When I was a teen, I participated in a theater group that included a teacher from a Waldorf School. She told me I should be a Waldorf teacher someday. From there, I graduated, traveled, went to college. I had this feeling that I wanted to be a teacher but I went to public schools and there were a lot of things about it that didn’t resonate with me. In my early 20’s, I called this Waldorf teacher and she invited me into her classroom. I instantly knew it was for me. I became an aftercare teacher and assistant and then I went to teacher training. I taught at a Waldorf school in Chicago for grades 1-3 and then in Oregon for grades 3-5. I am originally from Minneapolis and very much looking forward to being back. This feels like home.
What about being a Waldorf teacher spoke to you?
It was how alive the classroom felt. One child was playing piano and the others singing. They were reciting poetry and making art. The teacher told stories that made me think “keep going, I want to learn more!” It was something I never experienced. I loved school as a child but I never experienced it like that. I remember thinking if I was a 6th grader, I would be so inspired and I would have loved school on a whole other level that I didn’t know was possible. There is a spiritual aspect to being a Waldorf teacher – thinking about each human before you, thinking about their journey in life. To think about your students with that level of depth is something I didn’t feel from my teachers when I was a child.
How does your background in women’s studies and DEI work inform your teaching?
Women’s studies and DEI work looks at humans and seeing who they are. It is looking at all aspects of diversity, not just race. It’s also about gender identity and expression, socioeconomic class and background, the way you learn, abilities and disabilities, all these things. My background allows me to see the children and their families more deeply – different cultures, different family compositions, different ways of raising children. It allows me to honor that and to be intentional in how I plan my lessons so it is digestible for everyone.
What does this look like in the younger grades?
At this age, it’s not about talking to them in an intellectual way. I took an anti-racism training at Sunbridge College, which is a Waldorf teacher training school. One thing they asked was how we center whiteness. Thinking about this question was eye opening. Once you decide to not center whiteness, it’s so easy not to. For example, you can look at which fairy tales, folk tales and songs you are choosing. There are fairy tales, folk tales, songs and poems from all over the world. I’m not choosing only all white and western poems and songs. The stories from around the world resonate and children can see the different ways of being a person.
Second grade is ripe with opportunities.
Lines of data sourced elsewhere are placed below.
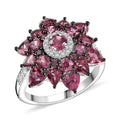 D'Joy Premium Tanzanian Wine Garnet and White Zircon 4.90 ctw Dahlia Flower Ring in Rhodium Over Sterling Silver - Sticky add to cart bar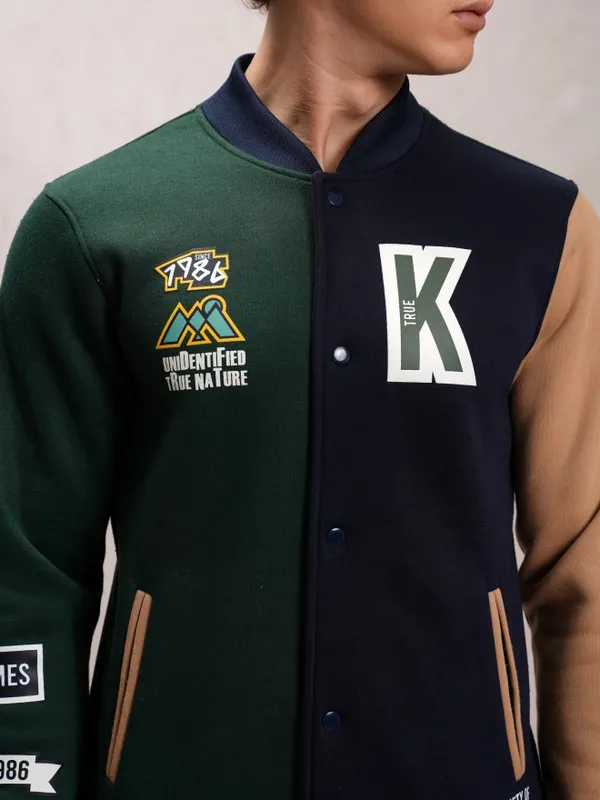 Ketch Men Green Printed Bomber Jacket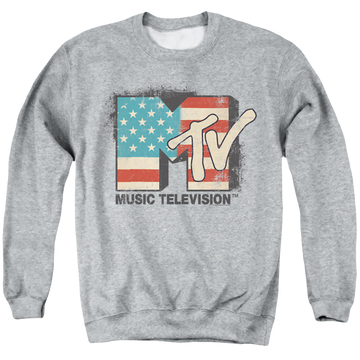 Athletic heather men's crewneck sweatshirt with MTV American Logo graphic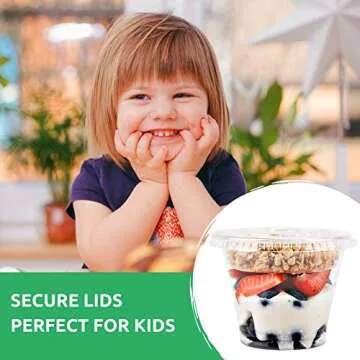 9 oz Clear Plastic Parfait Cups with Insert 3.25oz & Flat Lids No Hole - (50 Sets) Yogurt Fruit Parfait Cups for Kids, for Dips and Veggies, Take Away Breakfast and Snacks. No Leaking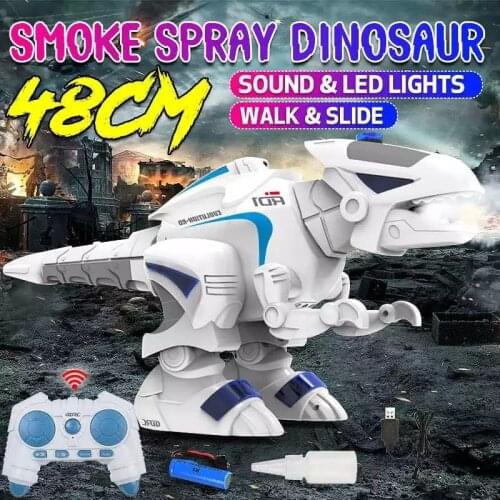 Big 2.4G RC Dinosaur High Simulation Remote Control Robot animal RC Toy Spray Fire Walking Dancing Singing Sound & Light gift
For example, in Waldorf teaching, the block on saints is really talking about nobility. We can look outside of Eurocentric Christianity and can learn about people like Harriet Tubman or St. Yared of Ethiopia. These stories are still meeting the part of children that Waldorf is seeking to meet, but in a way that appreciates diversity. There are Waldorf schools all over the world and they aren’t all telling Norse myths, but they are still bringing the heart of the Waldorf curriculum to the children. Because we’re on Indigenous land, because of European colonization and because this country is made up of immigrants from all over, we have a real responsibility to be multicultural in our lessons.
What is your teaching philosophy?
One of my favorite things in Waldorf education is meeting the children where they are. Looking at each child before you and what kind of space they’re in. I always ask what they need from me, and that keeps me flexible and noticing who they are and growing and changing, which is important when you’re with students over many years.
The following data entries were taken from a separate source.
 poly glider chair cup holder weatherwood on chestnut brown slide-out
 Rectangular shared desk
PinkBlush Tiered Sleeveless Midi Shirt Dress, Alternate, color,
If you could pass any words of wisdom to parents of first graders, what would you share?
We are going to have so much fun on this journey!
What is your favorite festival?
Every celebration! Fall is my favorite season and I love the harvest time, which is Michaelmas. I love this story and bringing in the different aspects of courage.
What are some of your favorite things to do when you’re not teaching?
One of my favorite things is to hike, no hike is long enough. I would love to do the Superior Hiking Trail. I also love to play music with my husband. He’s a musician and can play pretty much anything and I can memorize lyrics. I’m so ready and happy to be back in the Twin Cities!